- GIVEN INFORMATION
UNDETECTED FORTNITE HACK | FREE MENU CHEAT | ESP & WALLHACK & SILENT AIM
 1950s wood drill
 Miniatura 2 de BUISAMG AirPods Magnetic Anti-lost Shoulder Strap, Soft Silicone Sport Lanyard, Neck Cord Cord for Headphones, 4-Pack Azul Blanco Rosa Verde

- WORK TO COMPLETE
Write out each line exactly, starting with the line that contains "1950s wood drill" and stopping after the last line of the data.

- WRITTEN RESPONSE
 1950s wood drill
 Miniatura 2 de BUISAMG AirPods Magnetic Anti-lost Shoulder Strap, Soft Silicone Sport Lanyard, Neck Cord Cord for Headphones, 4-Pack Azul Blanco Rosa Verde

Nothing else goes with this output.